Most of it's already been said but...

Formulas and pivot tables first, then VBA. Basically because you can be productive out of the box once you understand some functions and particularly how to combine them. VBA is really cool but it can take months to years before you really get proficient -- depends how fast you learn, and how much time you can dedicate to it. 
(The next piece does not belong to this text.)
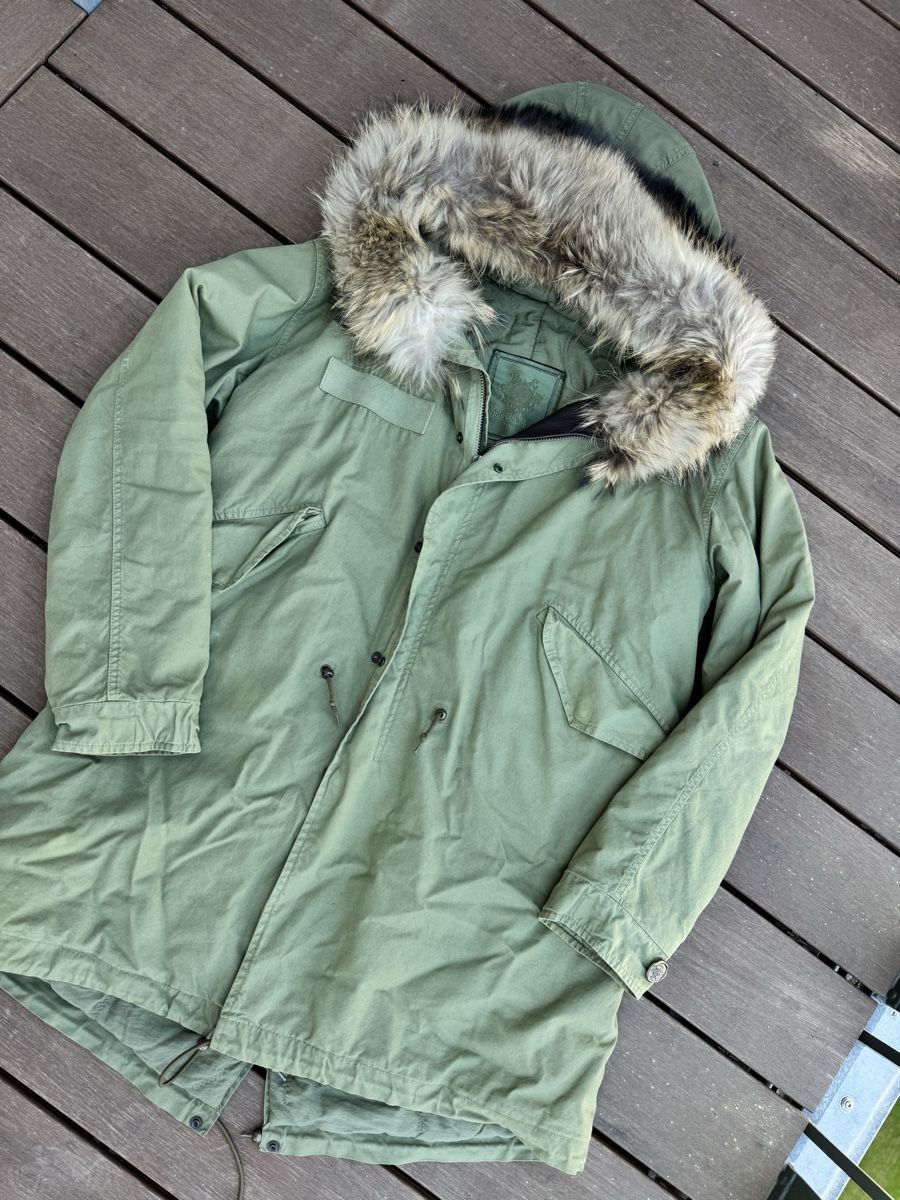 Vestes: Veste d’hiver  – D'occasion à Genève par pas_z6kp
But if you're prepared to learn, this place is as good as any. 

Denis


----------



## randakay (Jun 12, 2008)

*Mr. Excel 2003 example downloads available?*

Hi to everyone. I am returning to work and need practice in 2003 pivot charts. 
I've downloaded Mr. Excel's 2007 book and the LearnExcel 2003 pivots; however, after searching the site, i can't find downloads of examples for his first book, 
Excel 1997-2003.

Question: Does anyone have the link to examples for work in Excel 2003?

Thank you so much,

Randa


----------



## Greg Truby (Jun 12, 2008)

*Re: Mr. Excel 2003 example downloads available?*

Randa,

Bill has a forum here specifically dedicated to questions regarding his books, CD's, etc. You might look through there and see if he has already answered this question. And if he hasn't post your question there. Bill's pretty busy, but I know that he does make time to stop by that specific forum now and again.


----------



## randakay (Jun 12, 2008)

Thank you. I thought i'd exhausted my search but i'll look for Bill's forum.


----------



## Greg Truby (Jun 12, 2008)

Don't know if you saw it, but I edited my post to put in a link to that particular forum.


----------



## randakay (Jun 12, 2008)

Thank you. I see that now.


----------



## Cabby (Jun 13, 2008)

SydneyGeek said:


> Most of it's already been said but...
> 
> Formulas and pivot tables first, then VBA....
> 
> Denis


 
Thanks for posting the above reply. I was wondering which path to take toward mastering VBA; Formulas first, then VBA.


----------



## Greg Truby (Jun 13, 2008)

I would say that is all gonna depend on what you are doing most frequently. But take a look at what gets you the most bang for the buck and start there.

Which do you need most?

Do you need to be able to perform a variety of logical or arithmatic actions on a wide variety of cell layouts and linkages? The go for formulas.
Or do you more freqently find yourself summarizing data sets/extracts? Total sales by _____ (region/salesperson/product/whatever) for example. If so, start with pivots and data linkages/queries.
Or are you spending hours each month doing repetitive tasks? Filter for condition A and B and copy to another worksheet and e-mail to all managers for example. Then VBA would be where to start.
Every padawan's path is different; but to be a true Excel Jedi, you need all three.


----------



## Cabby (Jun 13, 2008)

Excellent input Greg.

A co-worker and I developed a set of very useful Pivot Tables that have reduced the number of errors in workbook calculations. Once we did this, the old adage kicked-in; the more I know, the more I need to know. It's clear that my skill needs to improve in all areas and I was looking for the most sensible progression. Thanks for the excellent input. Tags to follow in future posts.


----------



## randakay (Jun 14, 2008)

Hi to all,

I was on Mac for many years until circumstances required joining the world of windows. To start, what worked for me was purchasing the Thomson Course Technology New Perspectives coursecard editions in Excel (and Access). It's expensive, about $80, but i think worth the price.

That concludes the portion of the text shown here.